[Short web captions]
╭──

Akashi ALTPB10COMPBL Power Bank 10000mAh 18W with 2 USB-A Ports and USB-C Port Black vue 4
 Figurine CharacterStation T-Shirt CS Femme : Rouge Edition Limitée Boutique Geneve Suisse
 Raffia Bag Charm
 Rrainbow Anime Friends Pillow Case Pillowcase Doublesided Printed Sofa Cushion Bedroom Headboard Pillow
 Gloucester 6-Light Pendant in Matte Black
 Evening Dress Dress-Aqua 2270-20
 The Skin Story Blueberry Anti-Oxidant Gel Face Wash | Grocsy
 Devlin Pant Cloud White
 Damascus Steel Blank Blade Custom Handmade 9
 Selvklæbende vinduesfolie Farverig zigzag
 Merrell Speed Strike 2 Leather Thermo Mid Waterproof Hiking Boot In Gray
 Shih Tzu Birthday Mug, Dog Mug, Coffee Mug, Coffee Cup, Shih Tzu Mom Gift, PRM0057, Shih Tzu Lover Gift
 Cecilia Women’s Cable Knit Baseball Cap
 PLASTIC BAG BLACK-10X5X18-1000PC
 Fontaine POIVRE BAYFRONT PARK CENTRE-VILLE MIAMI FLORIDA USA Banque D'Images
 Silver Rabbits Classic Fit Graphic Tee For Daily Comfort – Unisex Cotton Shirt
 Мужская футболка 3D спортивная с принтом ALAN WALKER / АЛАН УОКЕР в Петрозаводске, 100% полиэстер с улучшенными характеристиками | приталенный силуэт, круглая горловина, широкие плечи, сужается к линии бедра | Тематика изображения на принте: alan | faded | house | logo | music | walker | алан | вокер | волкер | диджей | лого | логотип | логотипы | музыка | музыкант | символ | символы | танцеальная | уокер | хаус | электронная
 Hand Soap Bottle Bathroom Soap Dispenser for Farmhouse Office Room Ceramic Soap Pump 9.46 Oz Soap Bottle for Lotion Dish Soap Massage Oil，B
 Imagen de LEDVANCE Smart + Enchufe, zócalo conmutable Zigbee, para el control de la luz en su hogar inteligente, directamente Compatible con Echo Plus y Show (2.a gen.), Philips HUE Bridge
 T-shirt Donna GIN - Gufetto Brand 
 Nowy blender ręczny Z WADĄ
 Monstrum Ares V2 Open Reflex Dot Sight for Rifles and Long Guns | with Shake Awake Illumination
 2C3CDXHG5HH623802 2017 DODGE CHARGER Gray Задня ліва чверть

╰──

* YOUR GOAL *
Your answer must consist solely of the lines above between the line holding "Hand Soap Bottle" and the line holding "T-shirt Donna GIN - Gufetto Brand", inclusive, copied exactly.

* RESULT OF THE EXERCISE *
 Hand Soap Bottle Bathroom Soap Dispenser for Farmhouse Office Room Ceramic Soap Pump 9.46 Oz Soap Bottle for Lotion Dish Soap Massage Oil，B
 Imagen de LEDVANCE Smart + Enchufe, zócalo conmutable Zigbee, para el control de la luz en su hogar inteligente, directamente Compatible con Echo Plus y Show (2.a gen.), Philips HUE Bridge
 T-shirt Donna GIN - Gufetto Brand 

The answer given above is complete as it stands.